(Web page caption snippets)
# # # #
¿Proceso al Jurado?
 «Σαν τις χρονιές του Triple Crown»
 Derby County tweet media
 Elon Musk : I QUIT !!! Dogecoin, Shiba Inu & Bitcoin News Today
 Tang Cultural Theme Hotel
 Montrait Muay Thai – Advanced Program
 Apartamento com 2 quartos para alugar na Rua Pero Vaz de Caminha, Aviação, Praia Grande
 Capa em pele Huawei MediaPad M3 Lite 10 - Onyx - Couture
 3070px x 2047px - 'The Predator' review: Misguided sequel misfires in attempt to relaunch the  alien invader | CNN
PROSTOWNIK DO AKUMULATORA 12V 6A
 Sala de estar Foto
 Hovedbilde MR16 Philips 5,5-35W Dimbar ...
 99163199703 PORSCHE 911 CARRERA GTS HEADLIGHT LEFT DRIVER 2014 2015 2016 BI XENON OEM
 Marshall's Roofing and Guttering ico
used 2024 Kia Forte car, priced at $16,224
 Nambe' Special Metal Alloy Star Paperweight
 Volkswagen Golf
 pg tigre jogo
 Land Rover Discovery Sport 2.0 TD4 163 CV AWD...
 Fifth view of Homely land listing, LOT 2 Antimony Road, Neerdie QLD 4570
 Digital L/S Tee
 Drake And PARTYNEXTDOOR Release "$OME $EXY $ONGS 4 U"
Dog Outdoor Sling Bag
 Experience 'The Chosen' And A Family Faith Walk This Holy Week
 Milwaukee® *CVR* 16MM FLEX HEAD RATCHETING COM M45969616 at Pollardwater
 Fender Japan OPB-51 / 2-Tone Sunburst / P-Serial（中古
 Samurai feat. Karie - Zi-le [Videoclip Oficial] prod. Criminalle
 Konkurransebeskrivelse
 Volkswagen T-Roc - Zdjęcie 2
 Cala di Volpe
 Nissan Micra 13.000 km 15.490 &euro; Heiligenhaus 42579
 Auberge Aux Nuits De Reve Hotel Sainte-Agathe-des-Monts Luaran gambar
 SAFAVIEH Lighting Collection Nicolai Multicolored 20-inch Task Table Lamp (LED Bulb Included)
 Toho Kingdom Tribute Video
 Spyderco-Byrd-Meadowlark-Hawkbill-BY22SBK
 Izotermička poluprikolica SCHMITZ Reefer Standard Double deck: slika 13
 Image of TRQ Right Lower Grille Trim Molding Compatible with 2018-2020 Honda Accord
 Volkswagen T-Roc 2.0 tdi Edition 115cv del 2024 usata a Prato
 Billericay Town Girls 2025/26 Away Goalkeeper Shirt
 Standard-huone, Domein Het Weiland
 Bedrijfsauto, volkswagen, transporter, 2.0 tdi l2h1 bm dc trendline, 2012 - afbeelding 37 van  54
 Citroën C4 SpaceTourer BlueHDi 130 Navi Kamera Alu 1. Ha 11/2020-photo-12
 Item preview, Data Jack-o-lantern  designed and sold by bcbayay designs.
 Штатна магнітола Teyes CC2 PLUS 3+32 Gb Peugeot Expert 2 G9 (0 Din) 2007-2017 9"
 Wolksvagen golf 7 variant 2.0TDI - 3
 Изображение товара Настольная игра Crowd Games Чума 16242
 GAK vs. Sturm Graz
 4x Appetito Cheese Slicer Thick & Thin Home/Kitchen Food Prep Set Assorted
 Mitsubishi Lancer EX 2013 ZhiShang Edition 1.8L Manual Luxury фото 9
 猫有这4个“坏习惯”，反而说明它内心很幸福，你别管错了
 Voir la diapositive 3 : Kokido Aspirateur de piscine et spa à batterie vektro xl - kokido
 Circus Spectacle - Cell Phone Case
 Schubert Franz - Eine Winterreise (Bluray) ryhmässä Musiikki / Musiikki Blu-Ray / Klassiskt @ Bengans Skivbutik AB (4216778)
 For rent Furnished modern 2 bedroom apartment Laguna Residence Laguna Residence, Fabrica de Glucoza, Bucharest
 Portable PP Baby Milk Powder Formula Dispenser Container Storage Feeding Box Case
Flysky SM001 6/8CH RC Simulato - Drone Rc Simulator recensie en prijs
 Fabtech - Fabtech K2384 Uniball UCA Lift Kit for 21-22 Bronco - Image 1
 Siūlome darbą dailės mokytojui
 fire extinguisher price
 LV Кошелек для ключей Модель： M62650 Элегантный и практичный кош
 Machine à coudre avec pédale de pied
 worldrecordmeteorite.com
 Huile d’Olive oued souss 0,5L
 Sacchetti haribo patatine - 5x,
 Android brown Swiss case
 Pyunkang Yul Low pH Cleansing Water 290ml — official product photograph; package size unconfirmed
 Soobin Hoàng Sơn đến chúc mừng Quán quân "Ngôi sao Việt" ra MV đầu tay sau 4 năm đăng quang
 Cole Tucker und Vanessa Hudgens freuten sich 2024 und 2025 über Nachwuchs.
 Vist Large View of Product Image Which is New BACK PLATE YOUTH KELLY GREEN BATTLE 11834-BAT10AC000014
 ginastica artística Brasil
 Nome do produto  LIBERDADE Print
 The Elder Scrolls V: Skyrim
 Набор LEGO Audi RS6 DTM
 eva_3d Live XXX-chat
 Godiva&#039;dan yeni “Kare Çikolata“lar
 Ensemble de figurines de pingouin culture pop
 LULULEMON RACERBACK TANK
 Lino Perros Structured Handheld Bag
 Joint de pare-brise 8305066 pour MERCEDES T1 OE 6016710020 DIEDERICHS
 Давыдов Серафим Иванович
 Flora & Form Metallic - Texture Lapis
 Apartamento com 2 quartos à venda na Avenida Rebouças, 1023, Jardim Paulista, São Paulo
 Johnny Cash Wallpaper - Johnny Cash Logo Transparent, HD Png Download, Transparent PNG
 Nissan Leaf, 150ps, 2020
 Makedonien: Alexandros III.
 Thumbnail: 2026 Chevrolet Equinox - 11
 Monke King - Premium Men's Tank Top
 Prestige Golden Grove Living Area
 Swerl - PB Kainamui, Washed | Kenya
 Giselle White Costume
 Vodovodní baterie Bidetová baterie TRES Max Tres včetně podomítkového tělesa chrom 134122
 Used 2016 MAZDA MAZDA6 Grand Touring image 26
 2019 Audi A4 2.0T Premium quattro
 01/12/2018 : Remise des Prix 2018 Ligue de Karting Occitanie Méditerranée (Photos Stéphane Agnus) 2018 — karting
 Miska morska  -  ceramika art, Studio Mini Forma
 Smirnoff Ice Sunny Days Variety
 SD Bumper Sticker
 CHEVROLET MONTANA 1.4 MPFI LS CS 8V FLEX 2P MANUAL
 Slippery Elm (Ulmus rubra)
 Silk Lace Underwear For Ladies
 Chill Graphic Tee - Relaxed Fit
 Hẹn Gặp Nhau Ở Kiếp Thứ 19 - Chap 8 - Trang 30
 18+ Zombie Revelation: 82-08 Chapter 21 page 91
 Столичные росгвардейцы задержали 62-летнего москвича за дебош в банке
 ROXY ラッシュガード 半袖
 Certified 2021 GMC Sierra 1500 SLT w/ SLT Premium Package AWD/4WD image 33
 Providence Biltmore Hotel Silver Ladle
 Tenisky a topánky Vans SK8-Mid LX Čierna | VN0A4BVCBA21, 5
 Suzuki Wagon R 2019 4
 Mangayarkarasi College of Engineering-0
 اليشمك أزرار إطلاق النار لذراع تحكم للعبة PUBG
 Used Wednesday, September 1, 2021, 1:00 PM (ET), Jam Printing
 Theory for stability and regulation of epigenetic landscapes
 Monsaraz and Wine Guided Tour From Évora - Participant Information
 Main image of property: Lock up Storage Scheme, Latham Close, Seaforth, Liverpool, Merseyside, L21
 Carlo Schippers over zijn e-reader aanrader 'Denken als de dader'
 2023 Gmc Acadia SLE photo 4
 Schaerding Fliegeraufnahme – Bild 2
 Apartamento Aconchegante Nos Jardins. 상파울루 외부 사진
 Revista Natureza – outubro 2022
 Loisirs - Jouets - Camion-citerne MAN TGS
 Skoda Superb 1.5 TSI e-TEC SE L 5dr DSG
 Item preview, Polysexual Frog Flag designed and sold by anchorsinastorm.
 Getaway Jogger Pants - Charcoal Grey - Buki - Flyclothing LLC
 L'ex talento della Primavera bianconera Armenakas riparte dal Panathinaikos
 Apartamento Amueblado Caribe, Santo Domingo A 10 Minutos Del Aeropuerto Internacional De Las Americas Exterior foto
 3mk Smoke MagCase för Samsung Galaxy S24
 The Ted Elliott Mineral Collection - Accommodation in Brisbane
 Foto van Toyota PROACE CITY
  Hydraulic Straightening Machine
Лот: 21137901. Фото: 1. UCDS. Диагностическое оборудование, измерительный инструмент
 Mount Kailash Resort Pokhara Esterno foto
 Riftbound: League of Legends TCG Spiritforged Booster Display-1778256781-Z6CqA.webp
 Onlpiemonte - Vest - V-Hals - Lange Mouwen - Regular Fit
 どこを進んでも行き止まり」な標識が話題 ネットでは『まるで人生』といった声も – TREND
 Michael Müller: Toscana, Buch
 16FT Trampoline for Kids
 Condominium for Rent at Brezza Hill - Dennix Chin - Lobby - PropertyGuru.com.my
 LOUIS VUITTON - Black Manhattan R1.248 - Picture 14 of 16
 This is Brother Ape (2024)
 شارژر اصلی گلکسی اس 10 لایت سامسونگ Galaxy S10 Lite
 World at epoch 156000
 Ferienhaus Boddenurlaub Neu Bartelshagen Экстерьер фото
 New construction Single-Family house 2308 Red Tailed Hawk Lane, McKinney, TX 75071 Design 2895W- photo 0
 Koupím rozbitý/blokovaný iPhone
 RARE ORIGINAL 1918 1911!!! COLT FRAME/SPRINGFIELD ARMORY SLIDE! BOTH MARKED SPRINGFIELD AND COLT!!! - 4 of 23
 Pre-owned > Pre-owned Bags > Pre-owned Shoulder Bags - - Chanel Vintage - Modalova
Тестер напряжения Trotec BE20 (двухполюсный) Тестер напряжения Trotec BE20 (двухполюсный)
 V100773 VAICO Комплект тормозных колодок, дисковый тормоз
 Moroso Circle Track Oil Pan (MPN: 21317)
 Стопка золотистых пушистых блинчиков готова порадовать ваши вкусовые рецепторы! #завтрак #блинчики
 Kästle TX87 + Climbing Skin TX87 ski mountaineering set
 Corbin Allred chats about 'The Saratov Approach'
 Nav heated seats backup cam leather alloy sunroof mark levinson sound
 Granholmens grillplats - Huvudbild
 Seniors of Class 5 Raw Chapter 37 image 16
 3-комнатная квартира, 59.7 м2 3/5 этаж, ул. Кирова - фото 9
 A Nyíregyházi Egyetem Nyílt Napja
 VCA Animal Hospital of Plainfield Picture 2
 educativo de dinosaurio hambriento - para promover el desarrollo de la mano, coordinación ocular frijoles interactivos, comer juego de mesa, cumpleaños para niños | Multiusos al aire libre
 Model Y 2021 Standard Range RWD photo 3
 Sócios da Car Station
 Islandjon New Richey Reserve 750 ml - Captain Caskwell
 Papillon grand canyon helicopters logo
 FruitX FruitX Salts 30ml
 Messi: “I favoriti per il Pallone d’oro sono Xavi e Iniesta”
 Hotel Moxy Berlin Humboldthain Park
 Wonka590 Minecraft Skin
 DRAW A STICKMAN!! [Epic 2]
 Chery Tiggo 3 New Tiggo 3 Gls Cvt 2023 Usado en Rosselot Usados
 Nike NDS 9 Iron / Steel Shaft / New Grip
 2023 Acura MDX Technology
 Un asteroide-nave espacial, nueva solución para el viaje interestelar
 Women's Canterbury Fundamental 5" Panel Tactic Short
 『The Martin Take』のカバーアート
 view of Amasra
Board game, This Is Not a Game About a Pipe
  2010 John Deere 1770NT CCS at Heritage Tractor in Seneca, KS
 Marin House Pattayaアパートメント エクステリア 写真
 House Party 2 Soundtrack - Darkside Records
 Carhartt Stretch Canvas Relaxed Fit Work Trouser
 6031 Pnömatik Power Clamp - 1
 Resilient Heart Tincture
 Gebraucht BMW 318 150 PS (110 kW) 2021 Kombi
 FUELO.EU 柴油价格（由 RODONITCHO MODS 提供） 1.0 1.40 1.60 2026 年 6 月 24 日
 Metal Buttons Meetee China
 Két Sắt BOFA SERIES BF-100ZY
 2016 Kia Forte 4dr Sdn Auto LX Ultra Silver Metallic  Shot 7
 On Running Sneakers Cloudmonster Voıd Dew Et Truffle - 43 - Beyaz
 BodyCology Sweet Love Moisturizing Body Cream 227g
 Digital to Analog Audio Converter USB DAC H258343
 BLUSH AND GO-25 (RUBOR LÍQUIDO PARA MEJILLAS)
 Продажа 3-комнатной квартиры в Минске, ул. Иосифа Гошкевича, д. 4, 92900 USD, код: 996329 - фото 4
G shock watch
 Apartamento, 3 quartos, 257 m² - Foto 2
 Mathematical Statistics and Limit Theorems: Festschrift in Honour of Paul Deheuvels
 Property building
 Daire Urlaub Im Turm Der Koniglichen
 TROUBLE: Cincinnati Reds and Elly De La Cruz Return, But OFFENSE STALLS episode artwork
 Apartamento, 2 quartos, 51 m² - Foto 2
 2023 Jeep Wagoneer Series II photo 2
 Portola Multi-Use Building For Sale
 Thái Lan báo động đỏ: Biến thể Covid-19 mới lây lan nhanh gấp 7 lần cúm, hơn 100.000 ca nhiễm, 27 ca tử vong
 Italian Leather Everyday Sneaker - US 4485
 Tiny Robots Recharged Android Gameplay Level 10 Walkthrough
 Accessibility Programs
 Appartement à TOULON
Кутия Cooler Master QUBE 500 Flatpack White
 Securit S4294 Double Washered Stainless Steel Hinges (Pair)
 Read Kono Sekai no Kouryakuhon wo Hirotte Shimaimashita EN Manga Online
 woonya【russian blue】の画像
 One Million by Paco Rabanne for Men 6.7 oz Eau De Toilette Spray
# # # #
• Activity: Your task is to retype the entries verbatim, starting with the line that holds "Ferienhaus Boddenurlaub Neu" and stopping after the line that holds "2023 Acura MDX Technology".

• Solution to this problem:
 Ferienhaus Boddenurlaub Neu Bartelshagen Экстерьер фото
 New construction Single-Family house 2308 Red Tailed Hawk Lane, McKinney, TX 75071 Design 2895W- photo 0
 Koupím rozbitý/blokovaný iPhone
 RARE ORIGINAL 1918 1911!!! COLT FRAME/SPRINGFIELD ARMORY SLIDE! BOTH MARKED SPRINGFIELD AND COLT!!! - 4 of 23
 Pre-owned > Pre-owned Bags > Pre-owned Shoulder Bags - - Chanel Vintage - Modalova
Тестер напряжения Trotec BE20 (двухполюсный) Тестер напряжения Trotec BE20 (двухполюсный)
 V100773 VAICO Комплект тормозных колодок, дисковый тормоз
 Moroso Circle Track Oil Pan (MPN: 21317)
 Стопка золотистых пушистых блинчиков готова порадовать ваши вкусовые рецепторы! #завтрак #блинчики
 Kästle TX87 + Climbing Skin TX87 ski mountaineering set
 Corbin Allred chats about 'The Saratov Approach'
 Nav heated seats backup cam leather alloy sunroof mark levinson sound
 Granholmens grillplats - Huvudbild
 Seniors of Class 5 Raw Chapter 37 image 16
 3-комнатная квартира, 59.7 м2 3/5 этаж, ул. Кирова - фото 9
 A Nyíregyházi Egyetem Nyílt Napja
 VCA Animal Hospital of Plainfield Picture 2
 educativo de dinosaurio hambriento - para promover el desarrollo de la mano, coordinación ocular frijoles interactivos, comer juego de mesa, cumpleaños para niños | Multiusos al aire libre
 Model Y 2021 Standard Range RWD photo 3
 Sócios da Car Station
 Islandjon New Richey Reserve 750 ml - Captain Caskwell
 Papillon grand canyon helicopters logo
 FruitX FruitX Salts 30ml
 Messi: “I favoriti per il Pallone d’oro sono Xavi e Iniesta”
 Hotel Moxy Berlin Humboldthain Park
 Wonka590 Minecraft Skin
 DRAW A STICKMAN!! [Epic 2]
 Chery Tiggo 3 New Tiggo 3 Gls Cvt 2023 Usado en Rosselot Usados
 Nike NDS 9 Iron / Steel Shaft / New Grip
 2023 Acura MDX Technology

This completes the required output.